* **Assignment**: Every entry is to be restated exactly; pictures are not part of the copy.

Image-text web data
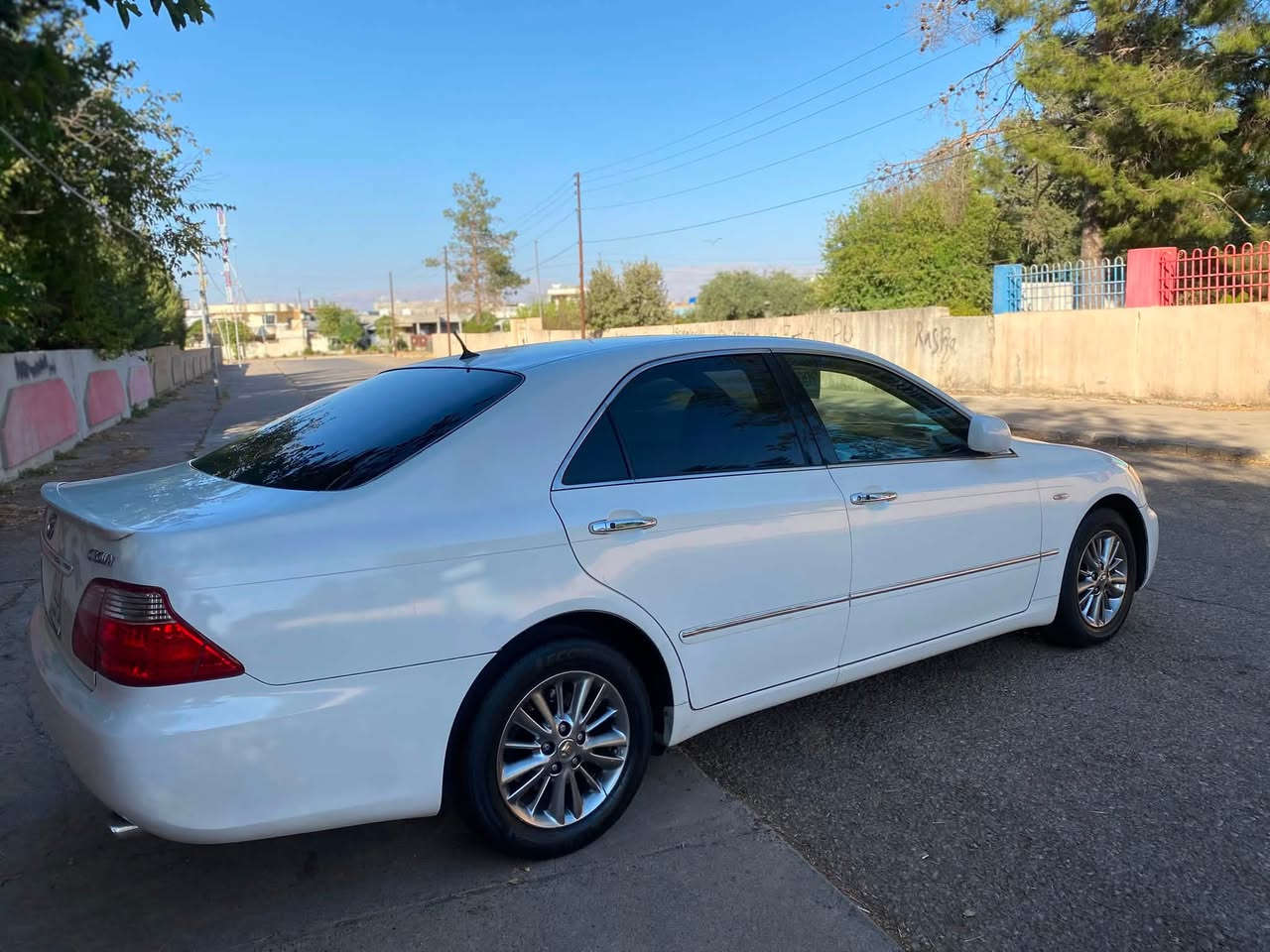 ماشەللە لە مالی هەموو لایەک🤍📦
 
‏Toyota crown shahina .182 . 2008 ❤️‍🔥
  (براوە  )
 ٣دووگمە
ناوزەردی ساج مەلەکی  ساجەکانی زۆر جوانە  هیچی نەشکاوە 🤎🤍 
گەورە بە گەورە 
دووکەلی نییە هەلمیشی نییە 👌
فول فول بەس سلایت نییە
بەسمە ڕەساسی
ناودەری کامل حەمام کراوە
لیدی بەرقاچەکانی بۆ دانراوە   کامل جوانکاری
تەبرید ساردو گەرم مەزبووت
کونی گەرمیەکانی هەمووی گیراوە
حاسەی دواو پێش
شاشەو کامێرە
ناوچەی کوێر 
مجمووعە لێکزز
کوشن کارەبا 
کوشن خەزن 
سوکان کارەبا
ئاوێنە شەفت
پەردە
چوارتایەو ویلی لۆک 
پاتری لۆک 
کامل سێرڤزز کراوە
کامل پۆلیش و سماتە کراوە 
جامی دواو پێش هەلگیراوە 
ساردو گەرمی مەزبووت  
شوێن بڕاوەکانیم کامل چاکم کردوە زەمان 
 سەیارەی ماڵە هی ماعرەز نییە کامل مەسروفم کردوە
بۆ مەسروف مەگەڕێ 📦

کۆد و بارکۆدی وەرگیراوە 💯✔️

* **Reply**:
 ماشەللە لە مالی هەموو لایەک🤍📦
 
‏Toyota crown shahina .182 . 2008 ❤️‍🔥
  (براوە  )
 ٣دووگمە
ناوزەردی ساج مەلەکی  ساجەکانی زۆر جوانە  هیچی نەشکاوە 🤎🤍 
گەورە بە گەورە 
دووکەلی نییە هەلمیشی نییە 👌
فول فول بەس سلایت نییە
بەسمە ڕەساسی
ناودەری کامل حەمام کراوە
لیدی بەرقاچەکانی بۆ دانراوە   کامل جوانکاری
تەبرید ساردو گەرم مەزبووت
کونی گەرمیەکانی هەمووی گیراوە
حاسەی دواو پێش
شاشەو کامێرە
ناوچەی کوێر 
مجمووعە لێکزز
کوشن کارەبا 
کوشن خەزن 
سوکان کارەبا
ئاوێنە شەفت
پەردە
چوارتایەو ویلی لۆک 
پاتری لۆک 
کامل سێرڤزز کراوە
کامل پۆلیش و سماتە کراوە 
جامی دواو پێش هەلگیراوە 
ساردو گەرمی مەزبووت  
شوێن بڕاوەکانیم کامل چاکم کردوە زەمان 
 سەیارەی ماڵە هی ماعرەز نییە کامل مەسروفم کردوە
بۆ مەسروف مەگەڕێ 📦

کۆد و بارکۆدی وەرگیراوە 💯✔️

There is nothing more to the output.